Okay, before I say anything more I wanna clarify something: I'm not very hard to please. I haven't read much in my life, besides stuff that I had to for school, plus the books that I've read were in my native language and not in English. So even if I read greentext with elementary school vocabulary and it's written kinda creatively I will be satisfied. Now, let's continue:
I've always liked any type of media or literary work with this feeling. I've learned that this genre in fanfiction is called "fluff" when I first visited /wg/ not too long ago. It's the exact feeling that I was experiencing the whole time I was reading this story.
I can swear that you're brrat yourself writer, If not I kneel, you surely did great job with your research about Bae. From the expressions that the female main character was using, from the words she was speaking and the way she was behaving I was led to believe that it realy is Hakos Baelz herself and not some random female protag. You also followed the descrioption about the main male protag regarding his attutude about horror and since it is the same viewpoint that I have (that's why I described it that way) I was so immersed while reading the story. When I red the part where you were describing how they were procrastinating and at some point were watching Gura I chuckled a bit cause I actually really like Gura as well.
The idea of three different movies that are progressively scarier is also something that I thought was very clever. As the movies were getting scarier the characters were getting more and more scared till the little rat couldn't take it any more.
Bae remains silent in your lap, her grip remains tight like a vice.
“Bae?” you tentatively ask
A sniffle. Two wet and warm spots begin to develop on your shirt where Bae has hidden her face.
Oh shit.
Bae silently cries into your arms.This part... man. The urge to save her was overwhelming.
The whole "trying to sleep and not think about horror" segment was amaizing but the hallucination part in middle of it cought me off guard. I was legitimately scared something would happen to Bae and I wasn't mentally prepared for that. I thought to myself: "Wait a minute, there were not any tragedy or horror tags attached to this story." In the end it was all good and in retrospect, I find it kinda silly that I was so emersed into it.

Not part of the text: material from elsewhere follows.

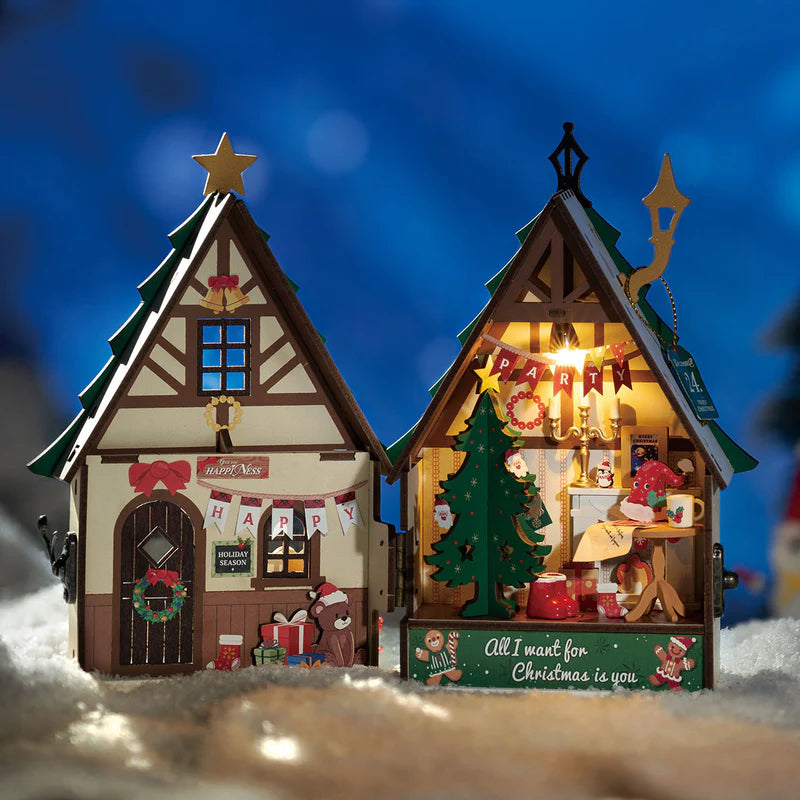 Robotime Rolife Twinkling Christmas House DIY Miniature House DS036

And last, but not least, events that happened in the next morning (more like afternoon) were extremely heartwarming.
All in all, for me your story is incredible. I was afraid that I put too much details in my prompt, plus I later found out that some writers like to have vague prompt so it leaves more freedom for them. It seems like you found a way to work with all of my unrelated ideas and details and connect them masterfully. Even though you did all of the hard work, I am kinda proud that this story was born from my prompt. Once again: thank you, I really appreciate it <3.